Unbiased analytic non-parametric correlation estimators in the presence of ties

TL;DR

This paper introduces unbiased, minimum variance non-parametric correlation estimators that effectively handle ties and biases in finite samples, enhancing the reliability of correlation analysis.

Contribution

It develops an inner-product Hilbert space framework to create unbiased estimators for Kendall and Spearman correlations that account for ties and finite sample biases.

Findings

Proposes unbiased estimators with minimal variance for correlation measures.

Shows sub-Gaussian distributions improve estimator performance.

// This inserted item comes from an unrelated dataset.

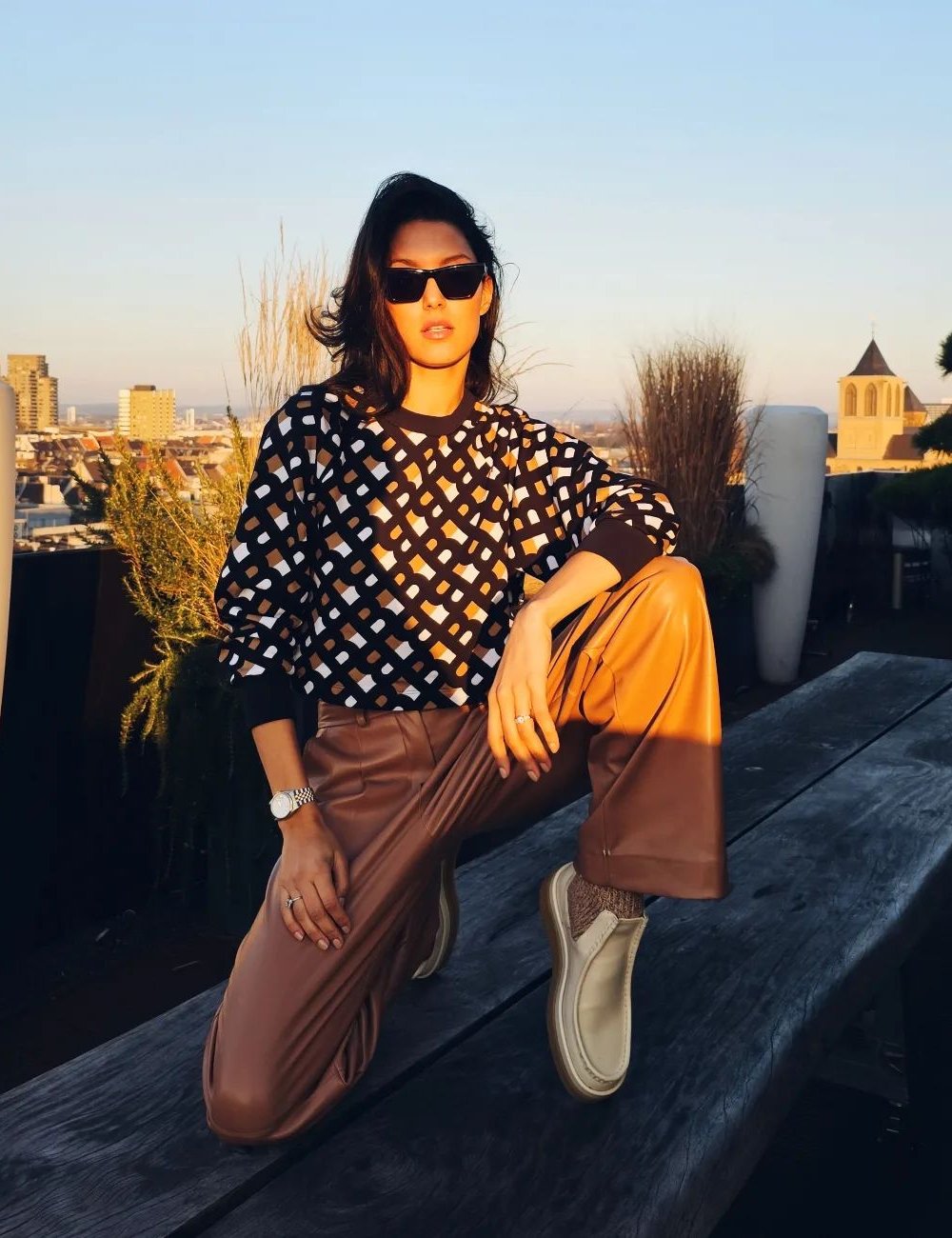 Rebecca Mir - calça, trico e tenis - calça de couro no look - inverno - street style - https://stealthelook.com.br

Provides analytically consistent Wald test statistics for finite samples.

Abstract

An inner-product Hilbert space formulation is defined over a domain of all permutations with ties upon the extended real line. We demonstrate this work to resolve the common first and second order biases found in the pervasive Kendall and Spearman non-parametric correlation estimators, while presenting as unbiased minimum variance (Gauss-Markov) estimators. We conclude by showing upon finite samples that a strictly sub-Gaussian probability distribution is to be preferred for the Kemeny $\tau_{\kappa}$ and $\rho_{\kappa}$ estimators, allowing for the construction of expected Wald test statistics which are analytically consistent with the Gauss-Markov properties upon finite samples.